As previously reported, 70.9% percent of myocarditis reports are associated with hospitalization and 1.99% are associated with death (not shown). For children ages 0-19, 84% of myocarditis cases are hospital-associated with 59.7%, 64.3%, 20.0%, 13.3% and 20.2% co-associated with cTnE, CP, CI, STE and CRP, respectively. This means that there is a high preponderance of elevated troponin and chest pain with myocarditis requiring hospitalization, in general, and this preponderance is higher in younger ages. These myocarditis requiring hospitalization cases are not associated with COVID-19.

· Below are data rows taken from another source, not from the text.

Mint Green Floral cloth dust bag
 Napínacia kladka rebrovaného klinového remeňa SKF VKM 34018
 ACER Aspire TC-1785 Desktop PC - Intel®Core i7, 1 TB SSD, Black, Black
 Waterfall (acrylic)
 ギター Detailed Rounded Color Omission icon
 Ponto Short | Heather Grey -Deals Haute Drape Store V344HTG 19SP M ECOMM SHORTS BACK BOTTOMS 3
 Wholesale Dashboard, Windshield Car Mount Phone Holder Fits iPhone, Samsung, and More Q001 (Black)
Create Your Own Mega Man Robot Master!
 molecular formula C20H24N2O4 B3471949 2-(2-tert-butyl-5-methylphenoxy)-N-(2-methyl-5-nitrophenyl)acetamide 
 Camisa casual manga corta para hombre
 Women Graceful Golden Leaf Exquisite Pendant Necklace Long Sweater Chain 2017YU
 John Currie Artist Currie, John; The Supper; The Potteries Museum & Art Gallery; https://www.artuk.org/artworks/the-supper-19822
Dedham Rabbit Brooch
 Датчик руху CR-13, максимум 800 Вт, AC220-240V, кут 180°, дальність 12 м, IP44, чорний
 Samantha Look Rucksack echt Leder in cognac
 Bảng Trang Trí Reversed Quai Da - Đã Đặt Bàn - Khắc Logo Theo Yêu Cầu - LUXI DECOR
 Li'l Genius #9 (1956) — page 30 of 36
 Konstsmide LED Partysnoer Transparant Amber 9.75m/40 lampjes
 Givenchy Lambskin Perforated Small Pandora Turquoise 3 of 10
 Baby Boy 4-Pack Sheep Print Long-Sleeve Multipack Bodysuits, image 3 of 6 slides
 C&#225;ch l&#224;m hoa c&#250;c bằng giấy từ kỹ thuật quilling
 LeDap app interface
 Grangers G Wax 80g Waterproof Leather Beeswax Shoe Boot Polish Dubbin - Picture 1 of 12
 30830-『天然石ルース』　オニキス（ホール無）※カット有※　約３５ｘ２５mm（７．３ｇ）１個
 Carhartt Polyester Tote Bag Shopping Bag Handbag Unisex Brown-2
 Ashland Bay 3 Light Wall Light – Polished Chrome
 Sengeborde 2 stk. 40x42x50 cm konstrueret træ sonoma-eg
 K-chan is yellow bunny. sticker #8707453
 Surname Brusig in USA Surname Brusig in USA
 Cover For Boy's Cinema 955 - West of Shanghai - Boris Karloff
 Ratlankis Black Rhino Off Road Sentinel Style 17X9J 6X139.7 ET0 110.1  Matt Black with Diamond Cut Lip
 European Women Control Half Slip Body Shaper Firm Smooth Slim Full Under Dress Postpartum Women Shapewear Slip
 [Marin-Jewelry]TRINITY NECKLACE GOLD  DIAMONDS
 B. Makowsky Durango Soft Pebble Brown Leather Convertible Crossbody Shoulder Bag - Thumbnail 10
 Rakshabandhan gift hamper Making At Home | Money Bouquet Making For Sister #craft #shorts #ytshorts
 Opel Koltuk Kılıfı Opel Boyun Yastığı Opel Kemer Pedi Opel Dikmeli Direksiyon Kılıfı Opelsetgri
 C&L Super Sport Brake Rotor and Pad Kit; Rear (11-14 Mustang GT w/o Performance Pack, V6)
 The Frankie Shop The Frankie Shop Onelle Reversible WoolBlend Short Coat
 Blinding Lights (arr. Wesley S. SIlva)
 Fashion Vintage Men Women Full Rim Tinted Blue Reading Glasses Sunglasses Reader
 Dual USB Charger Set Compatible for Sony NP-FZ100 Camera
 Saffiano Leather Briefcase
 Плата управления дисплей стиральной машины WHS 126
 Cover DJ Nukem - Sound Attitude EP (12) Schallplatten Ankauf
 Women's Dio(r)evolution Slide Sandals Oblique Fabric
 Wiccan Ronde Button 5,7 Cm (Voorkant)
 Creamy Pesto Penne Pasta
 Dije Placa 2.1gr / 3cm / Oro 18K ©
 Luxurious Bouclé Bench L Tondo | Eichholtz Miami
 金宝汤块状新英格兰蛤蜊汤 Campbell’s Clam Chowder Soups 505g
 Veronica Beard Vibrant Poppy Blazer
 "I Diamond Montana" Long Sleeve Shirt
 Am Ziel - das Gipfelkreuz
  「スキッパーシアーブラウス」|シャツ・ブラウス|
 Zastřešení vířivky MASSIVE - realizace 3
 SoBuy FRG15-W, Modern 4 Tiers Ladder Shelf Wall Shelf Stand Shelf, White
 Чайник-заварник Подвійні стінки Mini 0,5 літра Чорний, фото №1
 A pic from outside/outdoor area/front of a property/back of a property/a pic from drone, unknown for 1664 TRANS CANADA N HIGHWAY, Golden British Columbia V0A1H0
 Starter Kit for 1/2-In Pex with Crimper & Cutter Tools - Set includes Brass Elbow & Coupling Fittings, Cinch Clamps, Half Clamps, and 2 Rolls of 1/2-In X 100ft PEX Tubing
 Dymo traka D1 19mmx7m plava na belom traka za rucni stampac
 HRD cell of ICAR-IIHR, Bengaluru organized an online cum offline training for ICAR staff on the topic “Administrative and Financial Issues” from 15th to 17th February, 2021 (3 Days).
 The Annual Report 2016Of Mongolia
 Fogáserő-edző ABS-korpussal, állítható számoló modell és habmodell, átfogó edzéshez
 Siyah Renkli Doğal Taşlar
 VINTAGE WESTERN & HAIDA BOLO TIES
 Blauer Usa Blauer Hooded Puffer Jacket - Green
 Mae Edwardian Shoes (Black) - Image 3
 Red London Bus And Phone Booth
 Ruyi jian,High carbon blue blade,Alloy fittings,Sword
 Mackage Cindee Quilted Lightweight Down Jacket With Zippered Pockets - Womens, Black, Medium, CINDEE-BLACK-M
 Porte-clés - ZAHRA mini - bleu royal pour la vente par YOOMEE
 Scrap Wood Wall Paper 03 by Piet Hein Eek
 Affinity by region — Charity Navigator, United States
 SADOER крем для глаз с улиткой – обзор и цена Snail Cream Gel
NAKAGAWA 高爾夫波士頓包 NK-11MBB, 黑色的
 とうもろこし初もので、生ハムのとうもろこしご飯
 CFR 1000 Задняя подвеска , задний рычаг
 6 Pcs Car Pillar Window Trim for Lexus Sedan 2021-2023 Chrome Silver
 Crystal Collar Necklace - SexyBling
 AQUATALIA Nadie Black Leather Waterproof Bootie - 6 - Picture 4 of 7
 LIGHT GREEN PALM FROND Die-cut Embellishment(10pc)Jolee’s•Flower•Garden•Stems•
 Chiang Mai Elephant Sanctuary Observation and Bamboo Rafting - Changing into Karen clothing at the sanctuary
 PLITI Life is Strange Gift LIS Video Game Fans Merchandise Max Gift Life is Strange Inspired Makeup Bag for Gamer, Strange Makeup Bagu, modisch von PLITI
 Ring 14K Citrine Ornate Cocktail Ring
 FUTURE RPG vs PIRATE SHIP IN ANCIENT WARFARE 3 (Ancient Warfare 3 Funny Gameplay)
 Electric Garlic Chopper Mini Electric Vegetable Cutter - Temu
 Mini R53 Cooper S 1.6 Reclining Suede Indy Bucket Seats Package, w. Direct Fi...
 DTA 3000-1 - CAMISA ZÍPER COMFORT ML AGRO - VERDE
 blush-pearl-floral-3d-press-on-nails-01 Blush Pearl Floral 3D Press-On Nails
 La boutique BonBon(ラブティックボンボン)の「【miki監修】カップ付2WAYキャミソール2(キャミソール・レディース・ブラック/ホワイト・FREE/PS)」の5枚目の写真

The markers in the context of the myocarditis reports were age-stratified and plotted to determine if there are preponderances of these markers in young people (Figure 2). As previously reported, 47% of myocarditis requiring hospitalization cases are made in the context of young individuals ages 12-29 (Figure 3). Of these reports, 50% were associated with troponin elevation, 62% cChest pain, 14% abnormal cardiac imaging, 10% electrocardiogram ST segment elevation 17% C-reactive protein (Supplementary Figure 2). [18]

Figure 3: Percentages of markers co-associated with myocarditis requiring hospitalization by age group.

If only the younger age group 12-18 is considered (this group represents 22% of all of the myocarditis requiring hospitalization reports), these percentages become 62%, 65%, 14%, 15% and 21%, for cTnE, CP, CI, STE and CRP, respectively. Thus, even in the small range of ages in the 12-18 age group, approximately half of the reports are associated with elevated troponin and ECG ST segment elevations and one-third to one-quarter are associated with abnormal CRP levels, chest pain and abnormal cardiac imaging. It is interesting to note that STE is most prevalent in the 12-18-year-olds – significantly so (p =< 0.00000006) – and more prevalent than any other marker (31% higher than for the 19-29-year-olds). Troponin elevation is highest in 12-18-year-olds and is 20% higher than in the 19-29-year-old age group (p = 0.000000). CRP abnormalities are also statistically-significantly higher in 12-18-year-olds than for 19-29-year-olds (p = 0.000045) (Supplementary Table 2).

Table 1: Table showing myocarditis absolute counts and rates (N (%)) of reports made to VAERS domestic data co-associated with death, hospitalization and children (0-19).

Table 1 shows a summary of the total counts for each marker in co-association with myocarditis and the percentages of the total respective variable in the context of death, hospitalization and children ages 0-19.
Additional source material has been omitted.